The COVID-19 pandemic has brought up tons of data questions — what information should we be collecting, what can it tell us (and what does it fail to tell us) and how should the data we use to make decisions be communicated to the public? We’ve started a new series, “COVID Convos,” that brings these questions to the forefront through interviews with the scientists and practitioners who produce and use data on COVID-19.

Each conversation will be a chance for a different scientist to highlight a dataset or data question they think is particularly important and tell us why. This edition features a conversation with Jennifer Nuzzo, an epidemiologist at the Johns Hopkins Coronavirus Resource Center, which was conducted on February 2. Our discussion, which has been condensed and lightly edited, focused on the “test positivity” metric that seems to be everywhere during a COVID surge, and what it can and can’t tell us.

Maggie Koerth: Today, we’re talking about test positivity calculations and how they’re used and misused. I want to start things off by reminding all of our readers — and maybe myself — of what exactly test positivity rates even are. 

Jennifer Nuzzo: When we started tracking test positivity, we did so exclusively to answer the question, “Are we testing enough?” If you remember back to the beginning of the pandemic, there were all these stories about how many thousands of tests we were doing per day. There were all these proposals out there for how many tests the United States needed to be doing. And they literally ranged from the tens of thousands to the tens of millions. And we were like, “Well, which one is it?”

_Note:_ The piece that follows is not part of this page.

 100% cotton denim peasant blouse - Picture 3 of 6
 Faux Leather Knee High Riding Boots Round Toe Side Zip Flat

The more my colleagues and I thought about it, we realized that the amount of testing we would have to do would change based on how many infections we think are current. The closest that we could come to getting at that (with the data that were available at the time) was positivity. Initially, the only thing we could do was to look at the number of positive cases versus the number of tests. And we just looked at that ratio. 

It became clear that the positivity rate was better than counting the numbers of tests because there are places like Taiwan where the number of tests they were doing was very low, but they also, for a long period of time, had under 500 total cases. At some point, you run out of people to reasonably test if your prevalence of infection is so low.

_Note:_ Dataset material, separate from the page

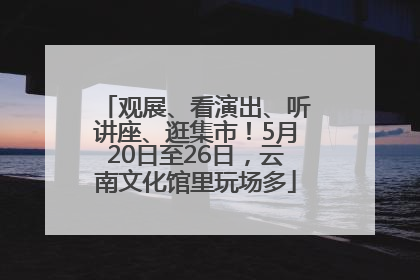 观展、看演出、听讲座、逛集市！5月20日至26日，云南文化馆里玩场多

Really this was to answer the question, “Are we testing enough?” — not to do a backdoor calculation of prevalence, because you can get a different positivity rate depending on who you test. And at various points in the pandemic, the people who were getting tested were different. They still are. Positivity, unfortunately, became misinterpreted as a proxy for prevalence, but it never was.

Maggie Koerth: What do you mean that the people who were getting tested are changing? 

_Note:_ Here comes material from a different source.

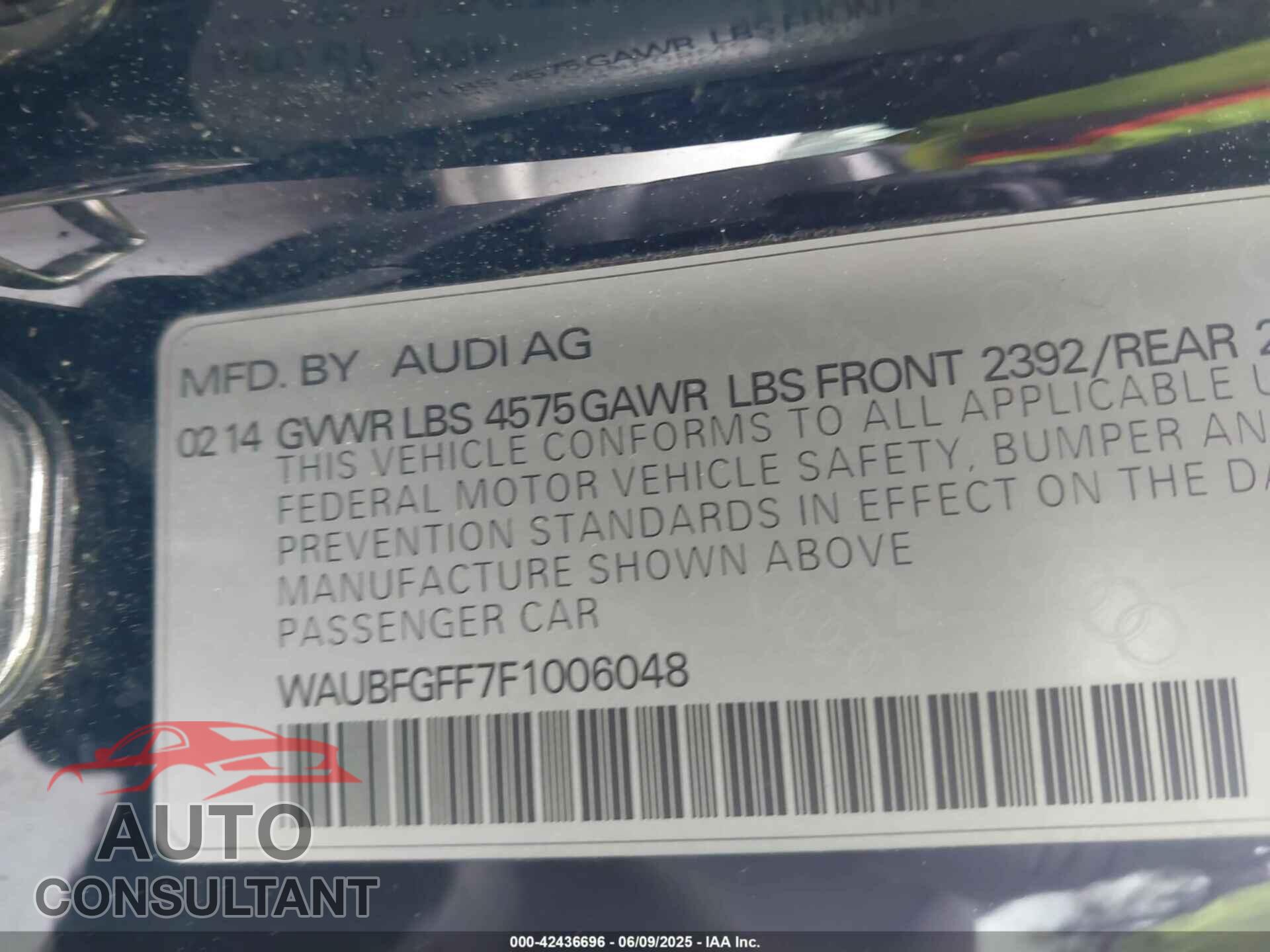 AUDI A3 2015 - WAUBFGFF7F1006048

Jennifer Nuzzo: If we only test the people who are really sick — say, the people who are showing up at hospitals that require admission — we’re going to have a very high positivity because the probability that those people have this virus is very high. We saw that in New York City in the early days when we were looking at their test positivity, where it was close to 50 percent. Now, at that point, it wasn’t that 50 percent of the population was infected, it was just that you had to be really darn sick in order to get a test in New York City.

Maggie Koerth: You said that there are multiple ways to calculate the test positivity rate. Can you talk about that a little bit? 

Jennifer Nuzzo: So the CDC has offered three different ways. And they’re all imperfect. You could do…  

1.) Of the number of PCR tests that you have done on a given day, what percentage is coming back positive? (That’s probably a fairly straightforward calculation.)

2.) The number of people who tested positive in a day compared to the number of tests performed. (Now anyone who’s mathematically minded would say, that seems weird because you have a unit in the numerator that’s different than the unit in the denominator. The reality is that may be the only data that is available.) Or…

3.) Of the people who were tested today, how many of them tested positive. 

Now, at the beginning, we were very interested in that third category because testing was so constrained that hardly anybody was able to get tested. And the people who were getting tested were largely people in the hospital. And those people were getting repeat tested a lot. You really only care about the time when they turned positive; you don’t care about the subsequent positives. And so those repeat tests, from a public health perspective, don’t tell us much. 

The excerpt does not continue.